The "Mild" Label: What It Means and Doesn't Mean
Primobolan is frequently described as one of the "mildest" AAS compounds. This label is partly accurate:
- Genuinely lower androgenic side effects than testosterone or trenbolone
- Lower hepatotoxicity (oral form) than standard oral AAS
- No oestrogenic side effects
- Less dramatic HPG axis suppression than stronger androgens (though suppression is still real)
What "mild" does not mean:
- Safe — HPG axis suppression still occurs; cardiovascular impact still occurs; androgenic effects still occur
- Appropriate for beginners — the same reasons a compound with a full medical safety history is a better starting point still apply
- More effective in proportion to its "mildness" — the lower side effect profile comes with a lower anabolic stimulus per milligram compared to testosterone or nandrolone
The Grey Market Problem with Primobolan Specifically
Primobolan's "premium" status in the non-medical market — partly driven by the Arnold mythology, partly by genuine pharmaceutical scarcity — means it commands high prices in the grey market. It is also one of the most frequently counterfeited AAS compounds. Independent testing of products sold as Primobolan regularly finds testosterone (cheaper to produce) or other compounds substituted. This is a direct safety risk: a man who thinks he is running a non-aromatising compound and discovers unexpected oestrogen elevation has been sold something other than metenolone.
Who Might Use This Compound and Why
The clinical contexts where metenolone has been used, and the non-medical rationale:
Wasting conditions, catabolic illness: The low side effect profile makes it one of the more reasonable AAS compounds for clinical use in contexts where muscle preservation is the goal without aggressive anabolic stimulation. This is where it has had genuine medical application.
Female use (historically): Metenolone acetate was one of the more commonly used AAS compounds in women specifically because of the low androgenic rating reducing virilisation risk. This is a legitimate clinical distinction.
Non-medical "lean gains" / "cutting" use: The combination of no water retention (no aromatisation), moderate anabolic activity, and lower androgenic side effects makes primobolan one of the more rationally justified choices for non-medical use among people who are going to use AAS regardless.
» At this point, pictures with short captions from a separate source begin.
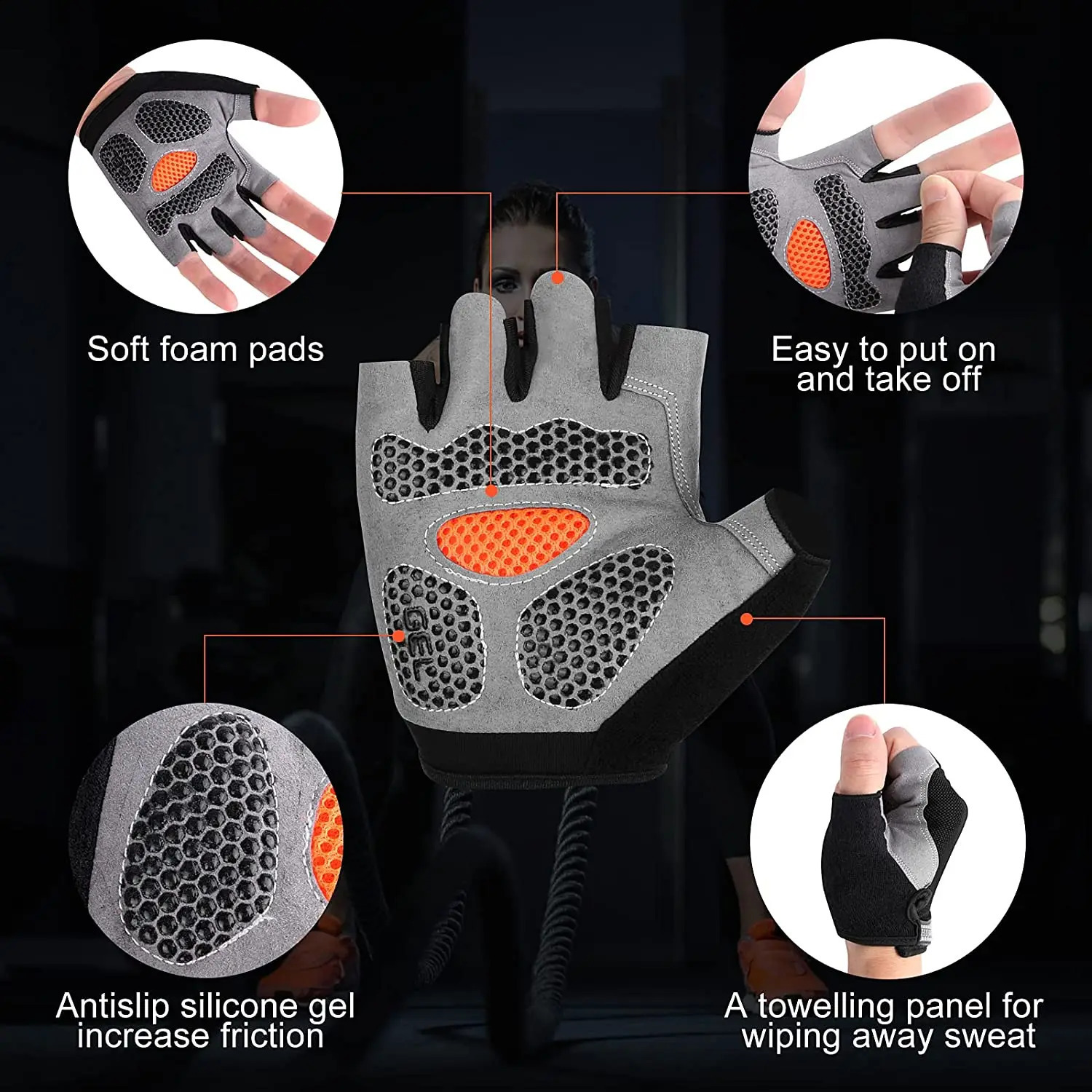 Summer Cycling Sports Gloves For Mens Fitness Training Fingerless Bicycles Antislip and Breathable 250515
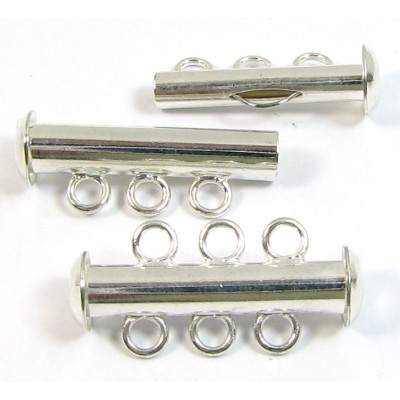 Multi Strand Clasp Silver Plated - 3 Strand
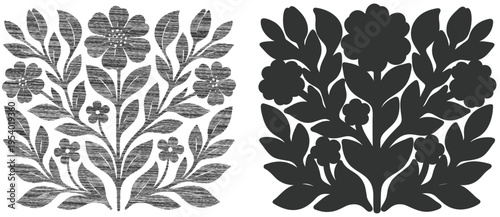 Botanical silhouette and textured floral vector graphics set with hand drawn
This is not a recommendation — it is an honest clinical observation.
Monitoring Markers
Baseline: Total testosterone, LH, FSH, lipid panel, liver function, haematocrit, blood pressure
During use:
- Lipid panel (HDL monitoring — 4–6 weeks)
- Liver function (particularly relevant for oral form, though less acute concern than 17-aa compounds)
- Blood pressure
- Haematocrit
Post-use: HPG axis recovery markers — LH, FSH, total testosterone at 6–8 weeks post-cessation
The Short Version
Primobolan is a genuinely distinctive compound within the AAS class — lower androgenic activity relative to anabolic effect, no aromatisation, lower hepatotoxicity (oral form), and a clinical history that makes it more defensible than most compounds in certain contexts. The mythology around it is partly founded in fact. The inflation of its reputation is mostly the Arnold effect.
The practical problems: pharmaceutical injectable primobolan is largely unavailable; grey-market product is heavily counterfeited; the oral form at effective doses requires multiple daily doses; and "mild" does not mean safe — HPG axis suppression, lipid impact, and androgenic effects are real.
If you're evaluating AAS options — primobolan is among the more rational choices on a pure pharmacological risk profile. That's not the same as saying it's a good choice, and it certainly doesn't apply to anyone under 25.
Key references: Hartgens F & Kuipers H, Sports Medicine, 2004; Mayer M & Rosen F, 1975 — interaction of anabolic steroids with glucocorticoid receptor sites; Evans NA, 2004 — Current concepts in anabolic-androgenic steroids — American Journal of Sports Medicine.